I make a mistake and walk all the way across the city before I realize I’m going the wrong way and retrace my steps. I spend some time in the shade of the Laotian version of the Arc de Triomphe, Patuxay.

Patuxay is in the middle of a large round about and from there I intended to walk up one of the connecting streets to the Thai embassy. Unfortunately I took the wrong one and ended up walking a long way through a very un-scenic neighborhood before I realized my mistake.

This time as I retraced my steps I spent more time thinking just what was going wrong with my head. The answer: water. So I sat in the shade of Patuxay for a while and kicked back a liter of water, sweat cooling on my body and the sun radiating from my skin.

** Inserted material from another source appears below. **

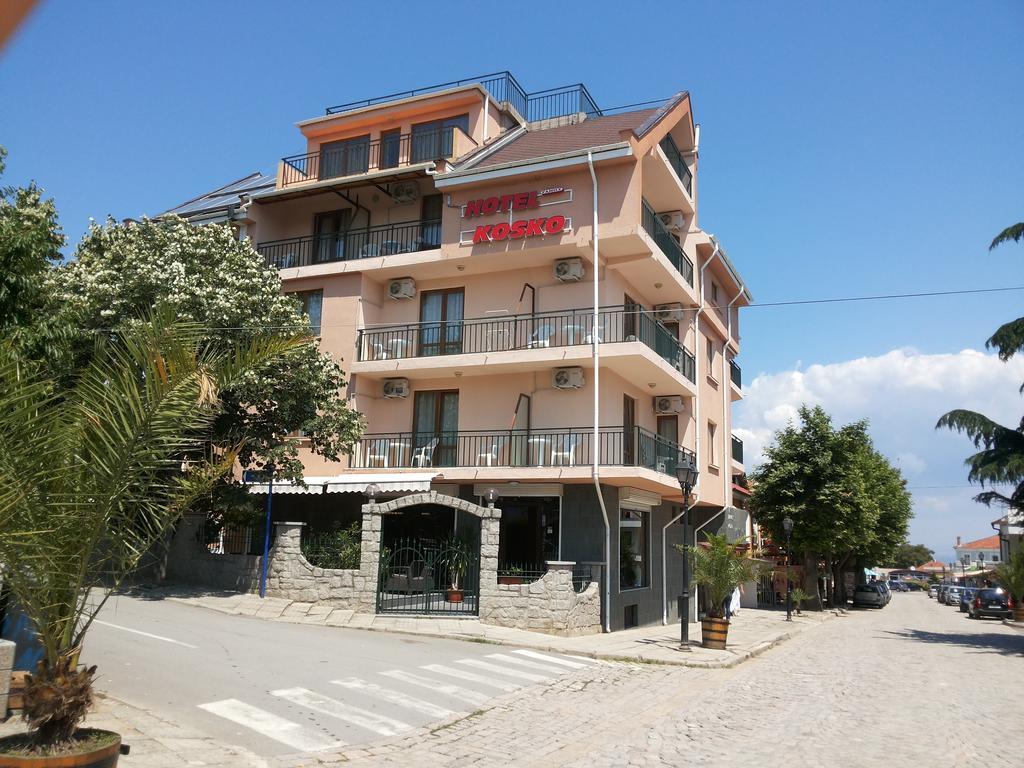 Family Hotel Kosko Chernomorets Dış mekan fotoğraf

There was no line to pick up visas, and things were quite calm when I arrived and scooped up my passport from the embassy counter. I flipped the pages and found what I needed: permission to stay in Thailand just a little longer.

I grabbed another bottle of water and walked back to the bus station where I found a bus to the Buddha Park.

The Buddha Park is this place on the banks of the Mekong where a rich guy with a little too much concrete decided to build a tourist attraction. He made a bunch of concrete statues depicting Hindu and Buddhist creatures. Falling into decay, with vines around the statues, it actually manages to look a little mysterious at times. However, the Mekong has risen in the past week and flooded part of the park, making huge stagnant pools that smell worse than crap. The park in the end, is just plain bizarre.

Because its bizarre, I love it, and laugh my way through the statues, the mud and the mosquitoes. I laugh my way back to Vientiane, over the dusty bumpy road and back to the baguettes.

I walk back to my hotel along the river, or rather, next to the sandbags set up beside the Mekong to stop the flooding. There is no market that night because the water has flooded out some of the market area, but I watch the sun set over the water and then take a bottle of Lao Beer home to drink from my balcony.

On my final day in Vientiane, I spend a lot of time drinking strong coffee (almost too strong to drink) and savoring baguettes. I walk up to the country’s largest market and spend a lot of time wandering through the aisles, past heaps of slaughtered meat and still jumping fish, past piles of mushrooms and heaps of chilies. I sit and watch traffic go by with a fruit shake for almost an hour.

But finally, I have to pack up, make the trip back to the border and get back to Thailand. I take an overnight bus that evening from Nong Khai to Bangkok, spend Sunday in Bangkok running errands and watching movies, and a night bus back to Mae Sot. I arrive at 4am back home, to the familiar land of cats and cuddles, ready to start work and begin teaching at 8am that day.

2 comments:

Adam said...

so..this was just for getting a visa, or did your trip to laos begin then?

jenny.jojo said...

Unfortunately, just for the visa but i would love to spend more time in Laos. Others seem happy to whip across the border and get home as fast as they can. I would have liked to have kept wandering... but alas, I had a class to teach on Monday morning.